WHAT THE TASK REQUIRES :: Only the closing part of the listing is wanted: reproduce exactly the line containing "Royal Vita Propolis 33 Ampoule" and all lines below it.

TASK INPUT ::

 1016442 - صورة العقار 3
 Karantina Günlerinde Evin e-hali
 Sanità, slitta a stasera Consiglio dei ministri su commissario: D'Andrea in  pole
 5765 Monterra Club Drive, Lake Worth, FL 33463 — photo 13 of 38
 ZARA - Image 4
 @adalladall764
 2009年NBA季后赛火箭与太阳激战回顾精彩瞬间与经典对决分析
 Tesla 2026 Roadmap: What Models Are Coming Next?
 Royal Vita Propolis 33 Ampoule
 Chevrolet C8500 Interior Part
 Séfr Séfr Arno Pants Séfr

RESPONSE TO THE TASK ::
 Royal Vita Propolis 33 Ampoule
 Chevrolet C8500 Interior Part
 Séfr Séfr Arno Pants Séfr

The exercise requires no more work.